- What the exercise asks -
Please reproduce each of the following entries exactly.

- Dataset excerpts -

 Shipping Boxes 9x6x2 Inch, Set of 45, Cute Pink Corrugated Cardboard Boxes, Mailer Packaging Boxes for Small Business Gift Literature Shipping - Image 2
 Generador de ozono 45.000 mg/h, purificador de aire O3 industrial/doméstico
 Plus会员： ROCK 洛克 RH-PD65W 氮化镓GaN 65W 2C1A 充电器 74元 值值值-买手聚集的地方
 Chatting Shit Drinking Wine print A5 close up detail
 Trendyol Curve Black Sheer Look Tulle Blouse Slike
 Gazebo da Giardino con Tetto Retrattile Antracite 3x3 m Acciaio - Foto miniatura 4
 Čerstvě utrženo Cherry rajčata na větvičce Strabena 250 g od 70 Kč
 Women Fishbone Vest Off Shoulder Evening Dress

- Task response -
 Shipping Boxes 9x6x2 Inch, Set of 45, Cute Pink Corrugated Cardboard Boxes, Mailer Packaging Boxes for Small Business Gift Literature Shipping - Image 2
 Generador de ozono 45.000 mg/h, purificador de aire O3 industrial/doméstico
 Plus会员： ROCK 洛克 RH-PD65W 氮化镓GaN 65W 2C1A 充电器 74元 值值值-买手聚集的地方
 Chatting Shit Drinking Wine print A5 close up detail
 Trendyol Curve Black Sheer Look Tulle Blouse Slike
 Gazebo da Giardino con Tetto Retrattile Antracite 3x3 m Acciaio - Foto miniatura 4
 Čerstvě utrženo Cherry rajčata na větvičce Strabena 250 g od 70 Kč
 Women Fishbone Vest Off Shoulder Evening Dress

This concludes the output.